Un cadeau fiscal pour le négoce
Un impôt sur mesure pour un secteur de l’ombre, qui profitera au négoce des matières premières. Voilà ce qu’a concocté le Conseil fédéral avec la taxe au tonnage.
Cet impôt, qui sera débattu au Conseil national ces prochaines semaines, permet aux compagnies maritimes installées en Suisse de payer un impôt non pas sur le bénéfice, mais sur leur capacité de chargement. Pour ces sociétés, cela tombe bien. Très bien même. Cet instrument fiscal leur permettra d’échapper à l’imposition minimale à 15% exigée par l’OCDE, qui doit entrer en vigueur en 2024.
Selon les estimations d’un expert indépendant, Mark Pieth, leur imposition sera réduite à 7% ou 8% de leurs bénéfices. Ces calculs sont évidemment à prendre avec des pincettes. Mais le principe est là: baisser les impôts d’un secteur nébuleux, qui échappe quasiment à tout contrôle et engendre des milliards tout en étant responsable de dégâts environnementaux et sociaux.

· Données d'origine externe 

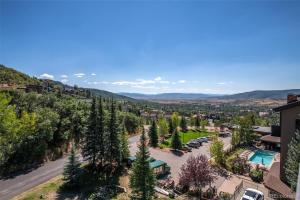 an aerial view of a resort with a pool at Bear Claw 402 - Ski-in Ski-out Condo! in Steamboat Springs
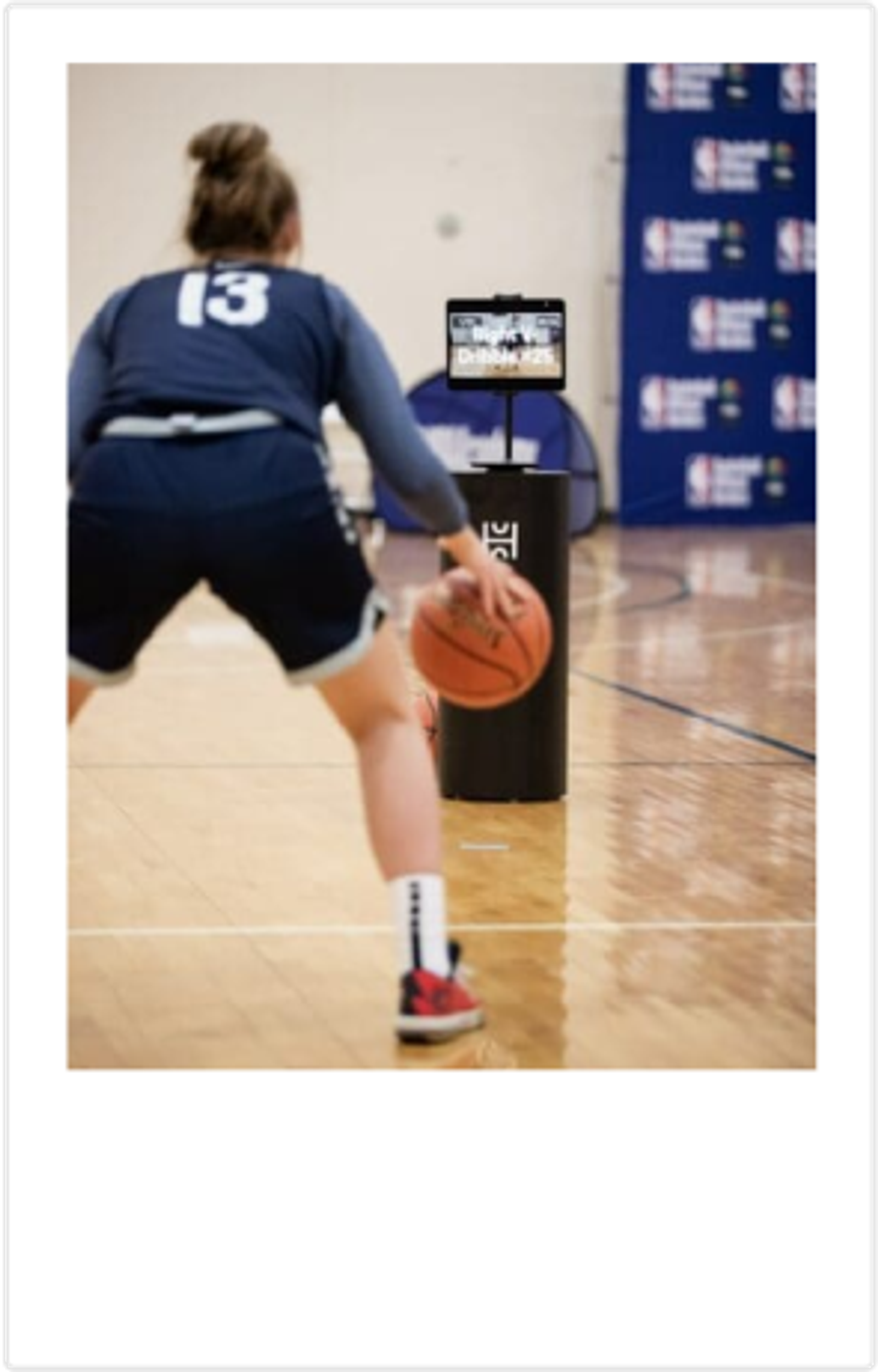 An athlete training with HomeCourt at a Jr. NBA event.
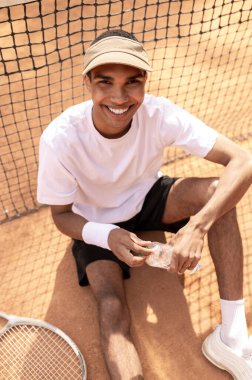 Antrenmandan sonra. Beyaz tişörtlü ve güneşli bir adam tenis kortunda dinleniyor.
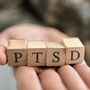 Żołnierz trzyma klocki z litrami na dłoni, które tworzą napis PTSD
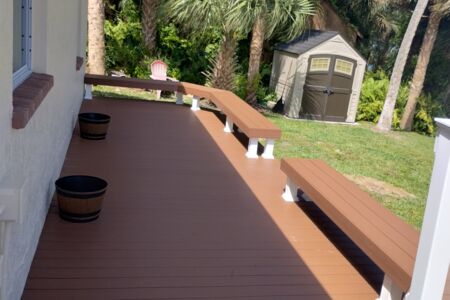 Moisture shield composite deck with white vinyl rail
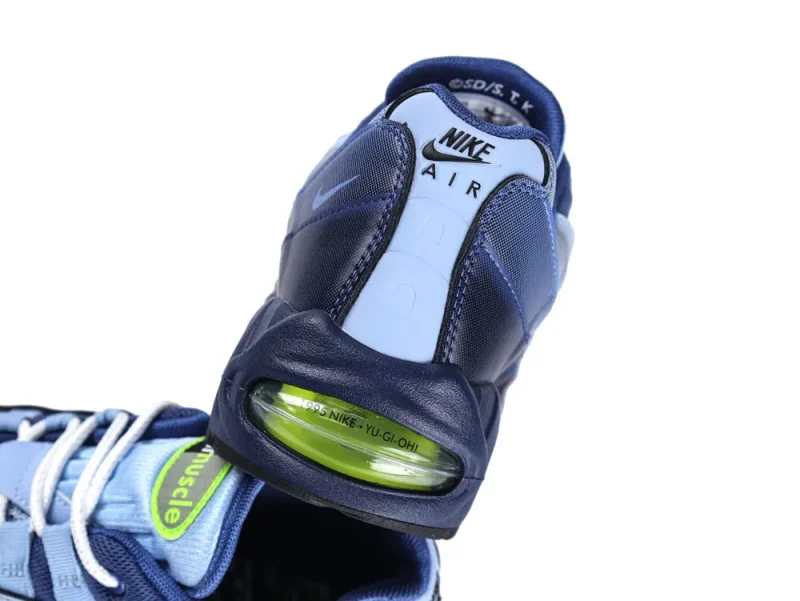 Blue and navy sneaker with mesh and leather upper, featuring visible green air unit.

La Suisse figure parmi les premières puissances maritimes mondiales, avec des sociétés installées avant tout à Genève, dont le leader MSC. Et celles-ci ne seront pas les seules à profiter de cet impôt. Les multinationales de négoce de matières premières – Glencore, Trafigura, Vitol pour n’en citer que quelques-unes – organisent souvent leur propre transport maritime. Pour elles, les perspectives de cette nouvelle taxe sont alléchantes.
Réforme de l’OCDE ou non, le Conseil fédéral aurait certainement préparé cette loi dans tous les cas. Une vingtaine de pays européens appliquent déjà une taxe au tonnage. En Suisse, l’offensive fiscale en faveur des plus grosses entreprises fait partie d’un agenda politique précis. En 2016 déjà, le parlement avait demandé au gouvernement d’avancer sur ce projet, abandonné dans le cadre de la troisième réforme de la fiscalité des entreprises (RIE III). Il avait alors été déclaré incompatible avec la Constitution.
Cette fois, le gouvernement s’assied sciemment sur cette dernière , qui veut que chacun·e soit imposé·e selon ses capacités économiques. Ce n’est pas la première fois que l’on déroge à ce principe fondamental. Les forfaits fiscaux accordés aux très riches contribuables – principalement dans les cantons de Vaud et Genève – répondent à la même logique anticonstitutionnelle.
Élément inquiétant, le fort lobbying de la branche transparaît dans le message du Conseil fédéral, qui reprend ses données les yeux fermés. Le secteur ne s’est pas privé non plus d’une opération séduction auprès des parlementaires siégeant dans la commission qui a examiné le projet.
Espérons que le parlement saura entendre raison. Avec le refus en votation de supprimer l’impôt anticipé et le droit de timbre, le peuple a clairement montré qu’il ne voulait pas de traitement de faveur pour les multinationales.